The soundscape therein is another matter – this is a body of work you can hardly call straight-down-the-line techno. ‘The album is a pretty diverse exploration of contemporary electronic music,’ says Law. ‘I think you can still see some elements of Eternal Brainwave in the new album, and it’s a pretty good reflection of my approach to techno/IDM, perhaps. I do see each album as a snapshot of where I’m at, at that time. Unfortunately the promotion has been a little slow up to now, so it’s really hard to gauge what people think. Hopefully things are going to start moving a bit more this year. Frank G., who runs the label, has limited resources but I know he’s passionate about the album…’

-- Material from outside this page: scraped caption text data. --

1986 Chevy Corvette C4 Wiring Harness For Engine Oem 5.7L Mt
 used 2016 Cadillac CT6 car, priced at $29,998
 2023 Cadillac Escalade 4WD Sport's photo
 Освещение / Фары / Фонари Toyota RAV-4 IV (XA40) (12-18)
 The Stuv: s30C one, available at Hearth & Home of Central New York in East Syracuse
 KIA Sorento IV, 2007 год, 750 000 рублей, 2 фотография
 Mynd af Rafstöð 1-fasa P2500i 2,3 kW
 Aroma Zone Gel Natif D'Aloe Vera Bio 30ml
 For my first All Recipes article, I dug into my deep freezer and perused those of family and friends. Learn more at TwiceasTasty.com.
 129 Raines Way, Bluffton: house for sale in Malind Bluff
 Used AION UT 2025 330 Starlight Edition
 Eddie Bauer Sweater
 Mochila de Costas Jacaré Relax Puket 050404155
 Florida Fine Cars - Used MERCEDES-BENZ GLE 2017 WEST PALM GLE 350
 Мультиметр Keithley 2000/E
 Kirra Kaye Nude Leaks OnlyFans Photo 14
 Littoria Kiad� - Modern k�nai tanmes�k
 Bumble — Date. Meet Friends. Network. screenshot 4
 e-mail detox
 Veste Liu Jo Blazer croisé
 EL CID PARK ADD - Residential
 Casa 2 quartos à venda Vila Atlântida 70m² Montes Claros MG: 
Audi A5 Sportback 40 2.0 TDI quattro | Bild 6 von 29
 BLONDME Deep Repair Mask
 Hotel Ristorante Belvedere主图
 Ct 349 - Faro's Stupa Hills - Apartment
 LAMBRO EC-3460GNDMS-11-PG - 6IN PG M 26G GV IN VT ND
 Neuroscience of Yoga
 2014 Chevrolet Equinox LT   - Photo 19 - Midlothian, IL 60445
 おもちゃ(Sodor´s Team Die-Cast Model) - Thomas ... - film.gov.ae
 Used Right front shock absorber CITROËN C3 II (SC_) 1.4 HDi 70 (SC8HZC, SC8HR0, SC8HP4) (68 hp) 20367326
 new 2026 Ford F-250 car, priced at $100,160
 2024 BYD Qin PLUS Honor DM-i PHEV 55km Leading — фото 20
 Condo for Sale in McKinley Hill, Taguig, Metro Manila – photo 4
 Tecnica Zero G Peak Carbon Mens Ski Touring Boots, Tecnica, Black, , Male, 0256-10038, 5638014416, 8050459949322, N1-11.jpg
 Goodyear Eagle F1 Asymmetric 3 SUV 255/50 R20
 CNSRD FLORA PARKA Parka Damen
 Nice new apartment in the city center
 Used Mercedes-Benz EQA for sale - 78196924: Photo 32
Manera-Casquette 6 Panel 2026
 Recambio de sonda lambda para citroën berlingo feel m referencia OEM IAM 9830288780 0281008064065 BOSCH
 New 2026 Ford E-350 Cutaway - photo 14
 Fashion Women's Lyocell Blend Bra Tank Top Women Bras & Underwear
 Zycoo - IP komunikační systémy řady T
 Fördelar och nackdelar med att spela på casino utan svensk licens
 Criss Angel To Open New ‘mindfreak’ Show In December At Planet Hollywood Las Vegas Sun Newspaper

While electronic music in general is all too obviously Law’s own passion, he readily admits that an oral fixation comes in a close second – and his taste perfectly reflects his audio preferences. ‘There’s so much amazing food in this world,’ he raves. ‘I like things that have an impact - so bland foods definitely don't do it for me! I'm very partial to a really good vindaloo, but then there's Sichuan hotpot, Cambodian raw beef salad, fish and chips from Huskisson in Jervis Bay (with the wharf in Cooktown coming a close second!), mature, washed-rind cheese, mulligatawny soup, kim chi … ahh, the choices, the choices.’